RE/flex

RE/flex
Developer(s)	Robert van Engelen
Stable release	1.6.4 / March 22, 2020
Written in	C++
Operating system	Cross-platform
Type	Lexical analysis
License	BSD license
Website	https://github.com/Genivia/RE-flex

RE/flex (regex-centric, fast lexical analyzer)[1][2] is a free and open source computer program written in C++ that generates fast lexical analyzers (also known as "scanners" or "lexers")[3][4] in C++. RE/flex offers full Unicode support, indentation anchors, word boundaries, lazy quantifiers (non-greedy, lazy repeats), and performance tuning options. RE/flex accepts Flex lexer specifications and offers options to generate scanners for Bison parsers. RE/flex includes a fast C++ regular expression library.

History

The RE/flex project was designed and implemented by professor Robert van Engelen in 2016 and released in 2017 as free open source. The software evolved with several contributions made by others. The RE/flex tool generates lexical analyzers based on regular expression ("regex") libraries, instead of fixed DFA tables generated by traditional lexical analyzer generators[5].

Lexer specification

The RE/flex lexical analyzer generator accepts a lexer specification as input. The RE/flex specification syntax is more expressive than traditional Flex lexer specification syntax, and may include indentation anchors, word boundaries, lazy quantifiers (non-greedy, lazy repeats), and new actions such as wstr() to retrieve Unicode wide-string matches.

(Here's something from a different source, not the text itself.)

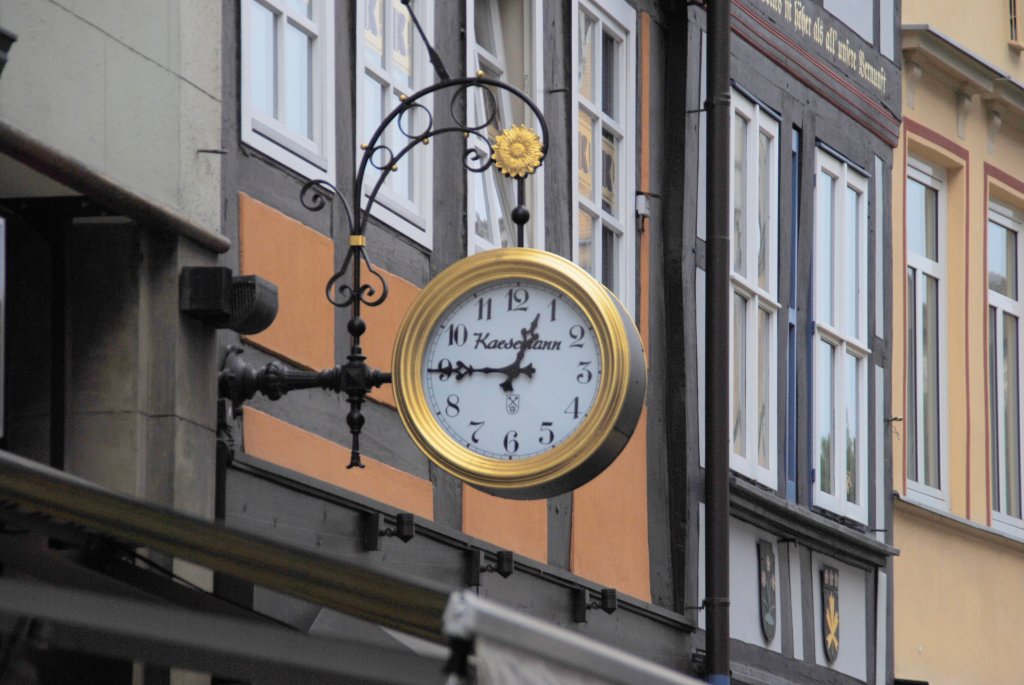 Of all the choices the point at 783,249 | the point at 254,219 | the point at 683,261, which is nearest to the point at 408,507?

A lexer specification is of the form:

Definitions
%%
Rules
%%
User Code

The Definitions section includes declarations and customization options, followed by name-pattern pairs to define names for regular expression patterns. Named patterns can be referenced in other patterns by embracing them in { and }. The following example defines two names for two patterns, where the second pattern number uses the previously named pattern digit:

%top{
  #include <inttypes.h> // strtol()
%}

%class{
  public:
    int value; // yyFlexLexer class public member
%}

%init{
  value = 0; // yyFlexLexer initializations
%}

%option flex

digit     [0-9]
number    {digit}+

The Rules section defines pattern-action pairs. The following example defines a rule to translate a number to the lexer class integer value member:

{number}  value = strtol(yytext, NULL, 10);
\s        // skip white space
.         throw *yytext;

The User Code section typically defines C/C++ functions, for example a main program:

int main()
{
  yyFlexLexer lexer;
  try
  {
    while (lexer.yylex() != 0)
      std::cout << "number=" << lexer.value << std::endl;
  }
  catch (int ch)
  {
    std::cerr << "Error: unknown character code " << ch << std::endl;
  }
}

The yyFlexLexer class is generated by RE/flex as instructed by the %option flex directive in the lexer specification. The generated lex.yy.cpp source code contains the algorithm for lexical analysis, which is linked with the libreflex library.

Source code output

The generated algorithm for lexical analysis is based on the concept that any regular expression engine can in principle be used to tokenize input into tokens: given a set of $n$ regular expression patterns $p_{i}$ for $i=1,\ldots ,n$ , a regular expression of the form "( $p_{1}$ )|( $p_{2}$ )|...|( $p_{n}$ )" with $n$ alternations can be used to match and tokenize the input. In this way, the group capture index $i$ of a matching pattern $p_{i}$ that is returned by the regular expression matcher identifies the pattern $p_{i}$ that matched the input text partially and continuously after the previous match.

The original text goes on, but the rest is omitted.